After some researching, I think I need to create a nested dict, but I don't have any idea how to do this.

Answer 1

A nested dict is a dictionary within a dictionary. A very simple thing.

>>> d = {}
>>> d['dict1'] = {}
>>> d['dict1']['innerkey'] = 'value'
>>> d['dict1']['innerkey2'] = 'value2'
>>> d
{'dict1': {'innerkey': 'value', 'innerkey2': 'value2'}}

You can also use a defaultdict from the collections package to facilitate creating nested dictionaries.

>>> import collections
>>> d = collections.defaultdict(dict)
>>> d['dict1']['innerkey'] = 'value'
>>> d  # currently a defaultdict type
defaultdict(<type 'dict'>, {'dict1': {'innerkey': 'value'}})
>>> dict(d)  # but is exactly like a normal dictionary.
{'dict1': {'innerkey': 'value'}}

---

You can populate that however you want.

I would recommend in your code something like the following:

d = {}  # can use defaultdict(dict) instead

for row in file_map:
    # derive row key from something 
    # when using defaultdict, we can skip the next step creating a dictionary on row_key
    d[row_key] = {} 
    for idx, col in enumerate(row):
        d[row_key][idx] = col

---

According to your comment:

may be above code is confusing the question. My problem in nutshell: I have 2 files a.csv b.csv, a.csv has 4 columns i j k l, b.csv also has these columns. i is kind of key columns for these csvs'. j k l column is empty in a.csv but populated in b.csv. I want to map values of j k l columns using 'i` as key column from b.csv to a.csv file

My suggestion would be something like this (without using defaultdict):

a_file = "path/to/a.csv"
b_file = "path/to/b.csv"

# read from file a.csv
with open(a_file) as f:
    # skip headers
    f.next()
    # get first colum as keys
    keys = (line.split(',')[0] for line in f) 
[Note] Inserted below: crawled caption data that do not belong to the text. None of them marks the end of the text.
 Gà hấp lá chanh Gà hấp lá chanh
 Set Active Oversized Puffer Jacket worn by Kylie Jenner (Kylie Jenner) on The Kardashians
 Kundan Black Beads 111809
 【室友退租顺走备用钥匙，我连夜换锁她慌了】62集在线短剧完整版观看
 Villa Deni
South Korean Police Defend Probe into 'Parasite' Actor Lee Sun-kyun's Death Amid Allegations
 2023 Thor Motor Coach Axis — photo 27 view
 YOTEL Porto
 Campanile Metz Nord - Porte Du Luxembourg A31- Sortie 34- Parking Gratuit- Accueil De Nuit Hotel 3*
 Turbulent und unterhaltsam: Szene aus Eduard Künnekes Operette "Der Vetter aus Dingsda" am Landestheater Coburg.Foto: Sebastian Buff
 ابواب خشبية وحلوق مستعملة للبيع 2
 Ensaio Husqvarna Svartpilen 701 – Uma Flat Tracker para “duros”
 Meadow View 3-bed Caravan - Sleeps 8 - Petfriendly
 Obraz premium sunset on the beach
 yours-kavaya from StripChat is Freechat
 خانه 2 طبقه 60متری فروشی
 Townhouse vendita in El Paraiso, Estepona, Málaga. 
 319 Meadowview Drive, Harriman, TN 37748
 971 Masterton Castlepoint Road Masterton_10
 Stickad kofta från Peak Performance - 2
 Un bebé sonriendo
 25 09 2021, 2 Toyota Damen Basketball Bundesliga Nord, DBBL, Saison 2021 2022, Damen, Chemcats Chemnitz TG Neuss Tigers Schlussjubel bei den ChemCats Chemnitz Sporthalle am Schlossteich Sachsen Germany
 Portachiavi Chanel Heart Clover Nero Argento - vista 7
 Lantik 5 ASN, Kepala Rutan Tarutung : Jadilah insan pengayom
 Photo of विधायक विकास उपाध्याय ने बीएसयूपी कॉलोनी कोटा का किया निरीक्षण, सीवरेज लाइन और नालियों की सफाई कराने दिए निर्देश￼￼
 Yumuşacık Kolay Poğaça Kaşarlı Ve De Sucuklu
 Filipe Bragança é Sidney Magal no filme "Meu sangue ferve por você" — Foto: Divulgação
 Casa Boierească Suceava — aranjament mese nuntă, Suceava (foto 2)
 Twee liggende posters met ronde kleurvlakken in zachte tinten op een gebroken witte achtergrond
# create empty dictionary:
d = {}

# read from file b.csv
with open(b_file) as f:
    # gather headers except first key header
    headers = f.next().split(',')[1:]
    # iterate lines
    for line in f:
        # gather the colums
        cols = line.strip().split(',')
        # check to make sure this key should be mapped.
        if cols[0] not in keys:
            continue
        # add key to dict
        d[cols[0]] = dict(
            # inner keys are the header names, values are columns
            (headers[idx], v) for idx, v in enumerate(cols[1:]))

Please note though, that for parsing csv files there is a csv module.

Answer 2

UPDATE: For an arbitrary length of a nested dictionary, go to this answer.

Use the defaultdict function from the collections.

High performance: "if key not in dict" is very expensive when the data set is large.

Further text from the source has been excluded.